Starting at the line that contains "Supla 20 Pcs", return every line through the end of the data exactly, without pictures.

━━━━━━━━━━━━━━━━

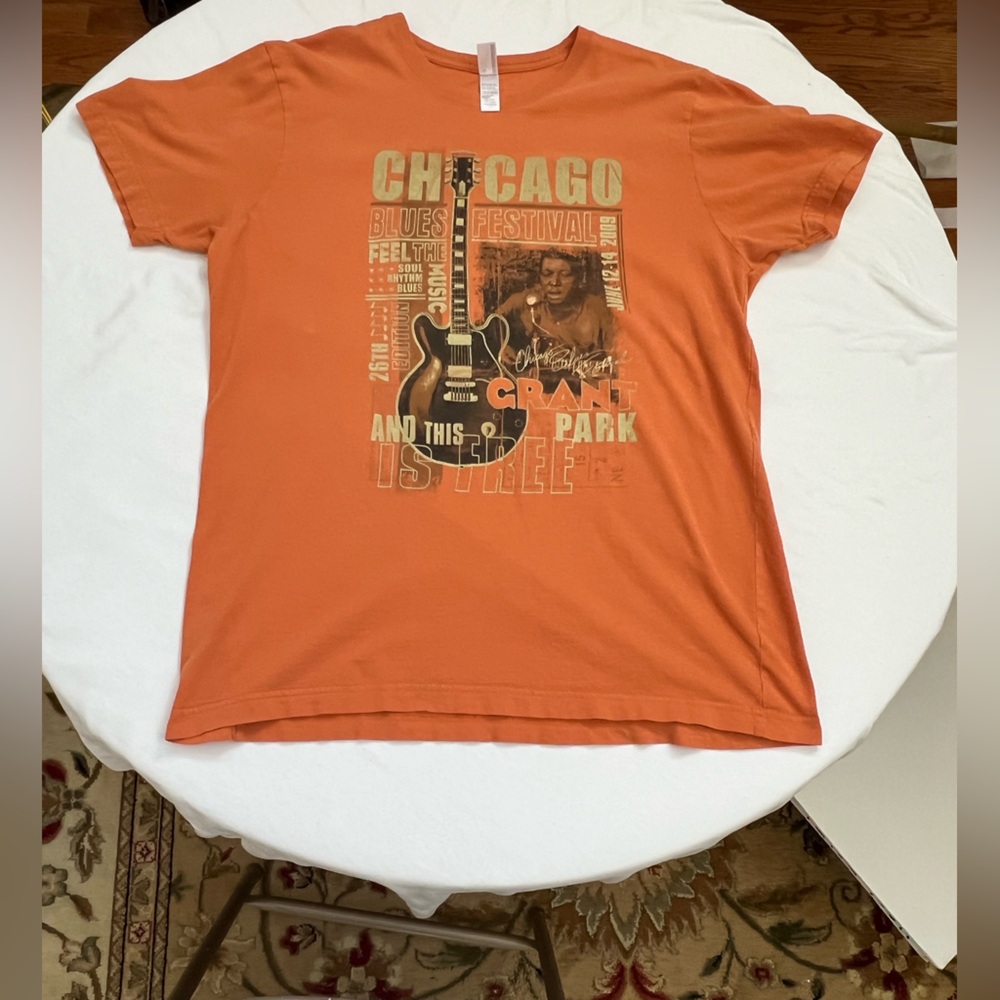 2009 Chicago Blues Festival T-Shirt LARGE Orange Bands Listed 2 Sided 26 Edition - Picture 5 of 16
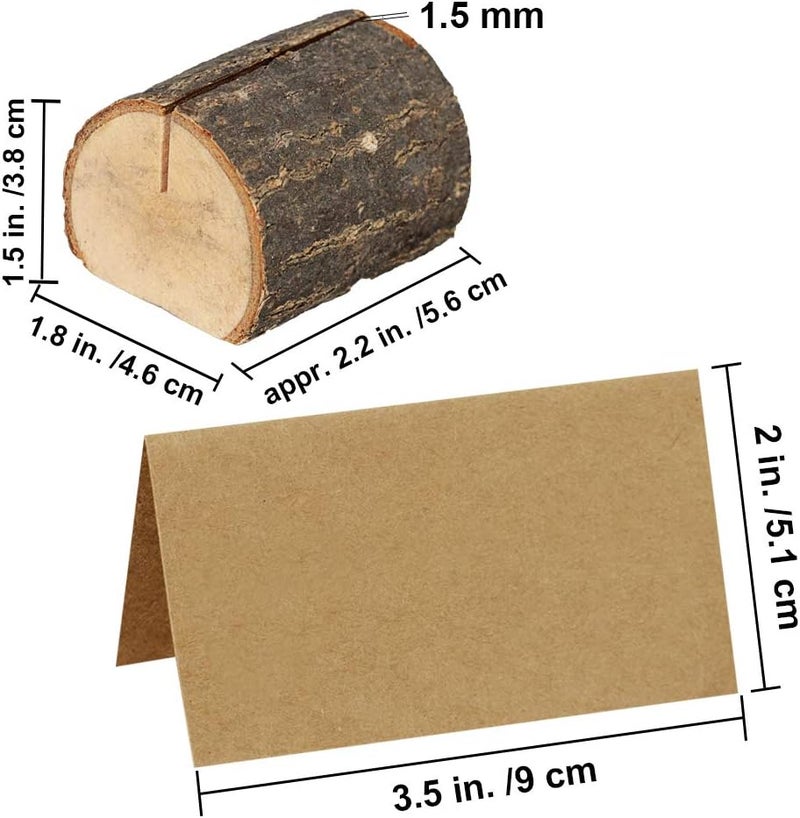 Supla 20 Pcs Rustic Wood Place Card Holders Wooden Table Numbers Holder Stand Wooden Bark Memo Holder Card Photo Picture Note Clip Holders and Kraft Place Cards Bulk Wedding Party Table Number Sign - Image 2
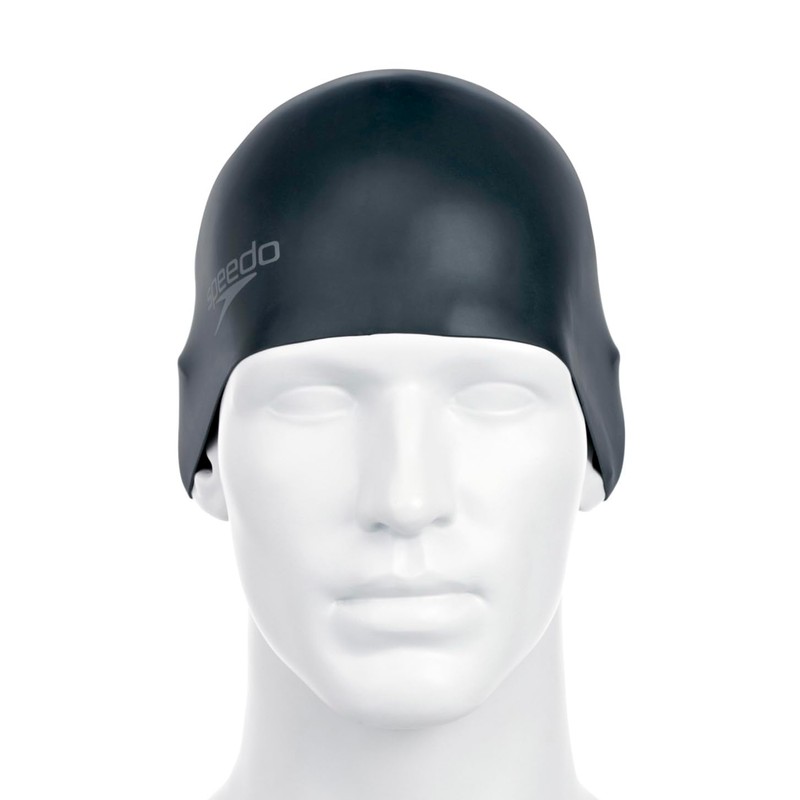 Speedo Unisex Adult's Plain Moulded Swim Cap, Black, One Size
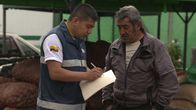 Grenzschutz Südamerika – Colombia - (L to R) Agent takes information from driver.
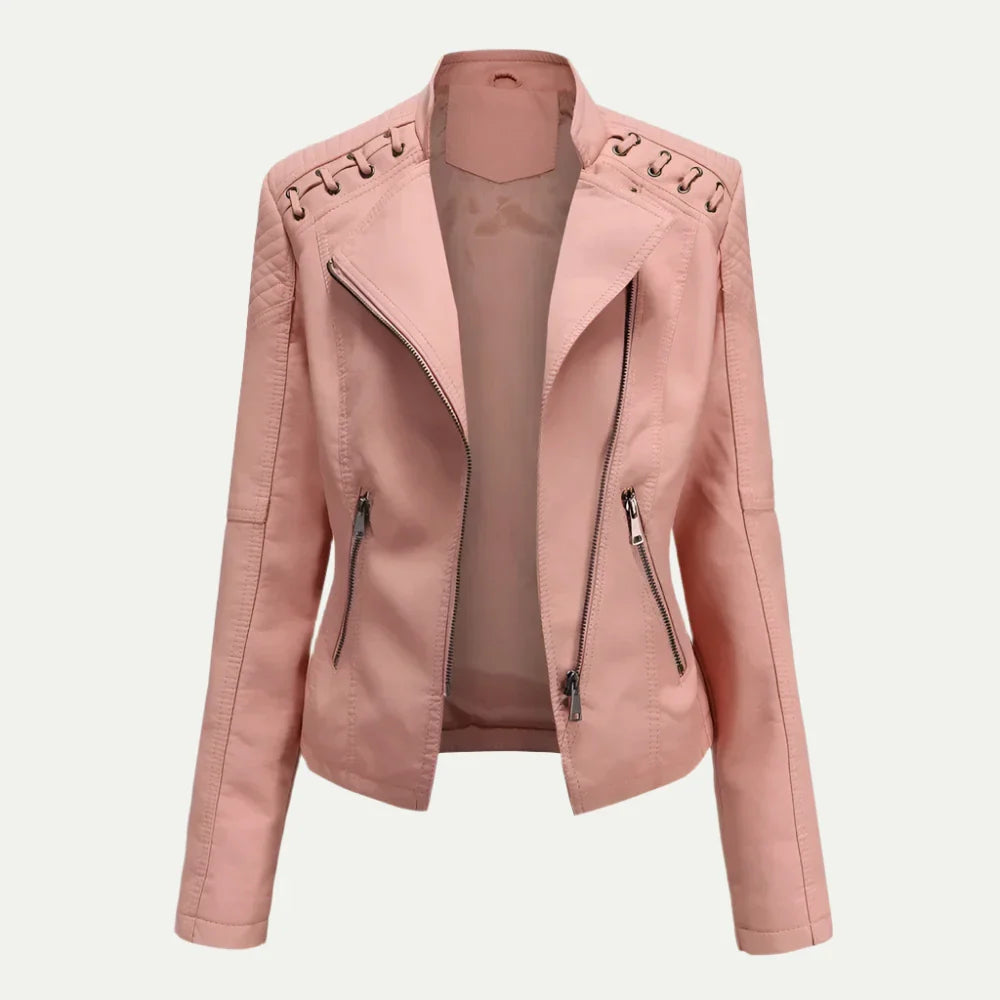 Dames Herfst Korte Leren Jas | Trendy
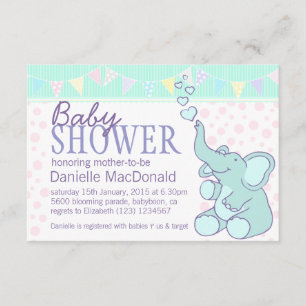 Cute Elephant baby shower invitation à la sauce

━━━━━━━━━━━━━━━━

_RESULT OF THIS EXERCISE_.
 Supla 20 Pcs Rustic Wood Place Card Holders Wooden Table Numbers Holder Stand Wooden Bark Memo Holder Card Photo Picture Note Clip Holders and Kraft Place Cards Bulk Wedding Party Table Number Sign - Image 2
 Speedo Unisex Adult's Plain Moulded Swim Cap, Black, One Size
 Grenzschutz Südamerika – Colombia - (L to R) Agent takes information from driver.
 Dames Herfst Korte Leren Jas | Trendy
 Cute Elephant baby shower invitation à la sauce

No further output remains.